Table of Contents

Enum MusicGenModelSize

Namespace
AiDotNet.Audio.MusicGen
Assembly
AiDotNet.dll

Specifies the size variant of the MusicGen model.

public enum MusicGenModelSize

Fields

Large = 2

Large model variant (3.3B parameters).

  • Text encoder: 1024 hidden dim
  • LM: 2048 hidden dim, 48 layers, 16 heads
  • Highest quality, requires significant GPU memory
Medium = 1

Medium model variant (1.5B parameters). Default choice.

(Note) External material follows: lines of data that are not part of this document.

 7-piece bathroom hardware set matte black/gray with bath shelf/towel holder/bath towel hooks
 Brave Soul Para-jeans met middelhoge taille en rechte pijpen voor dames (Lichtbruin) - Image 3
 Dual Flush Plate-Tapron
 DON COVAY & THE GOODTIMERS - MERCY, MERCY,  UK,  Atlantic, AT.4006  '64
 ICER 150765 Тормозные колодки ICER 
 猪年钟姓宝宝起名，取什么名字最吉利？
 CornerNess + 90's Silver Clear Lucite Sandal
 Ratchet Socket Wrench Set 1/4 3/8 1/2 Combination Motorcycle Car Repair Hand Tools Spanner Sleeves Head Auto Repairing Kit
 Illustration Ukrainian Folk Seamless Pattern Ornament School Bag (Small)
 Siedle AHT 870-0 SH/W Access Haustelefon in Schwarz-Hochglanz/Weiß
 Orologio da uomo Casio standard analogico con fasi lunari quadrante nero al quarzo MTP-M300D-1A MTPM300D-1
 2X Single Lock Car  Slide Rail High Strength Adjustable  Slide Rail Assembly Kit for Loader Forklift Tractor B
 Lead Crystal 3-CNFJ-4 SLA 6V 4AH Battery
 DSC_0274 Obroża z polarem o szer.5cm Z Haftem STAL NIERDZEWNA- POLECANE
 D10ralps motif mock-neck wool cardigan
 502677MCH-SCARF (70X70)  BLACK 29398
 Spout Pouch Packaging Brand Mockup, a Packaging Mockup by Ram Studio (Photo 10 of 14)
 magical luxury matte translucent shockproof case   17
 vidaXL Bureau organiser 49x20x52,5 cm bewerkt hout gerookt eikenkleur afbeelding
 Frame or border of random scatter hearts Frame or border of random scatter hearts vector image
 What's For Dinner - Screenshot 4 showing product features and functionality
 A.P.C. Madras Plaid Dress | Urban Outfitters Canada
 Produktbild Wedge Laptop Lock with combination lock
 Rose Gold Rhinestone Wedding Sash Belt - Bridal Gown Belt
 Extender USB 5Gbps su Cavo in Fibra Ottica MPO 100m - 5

  • Text encoder: 768 hidden dim
  • LM: 1536 hidden dim, 24 layers, 16 heads
  • Good balance of quality and speed
Melody = 3

Melody model variant (1.5B parameters).

  • Same architecture as Medium
  • Additionally conditioned on melody input
  • Can generate music that follows a given melody
Small = 0

Small model variant (300M parameters).

  • Text encoder: 256 hidden dim
  • LM: 1024 hidden dim, 24 layers, 16 heads
  • Fast inference, suitable for real-time applications
Stereo = 4

Stereo model variant (1.5B parameters).

  • Same architecture as Medium
  • Generates stereo audio output
  • Uses additional codebook for left/right channel separation

Remarks

MusicGen comes in different sizes balancing quality and computational requirements. Larger models produce higher quality music but require more memory and compute.

For Beginners: Think of model sizes like different quality levels:

  • Small: Fast generation, good for experimentation (300M parameters)
  • Medium: Balanced quality and speed (1.5B parameters)
  • Large: Best quality, requires more resources (3.3B parameters)
Start with Small for testing, use Large for final production.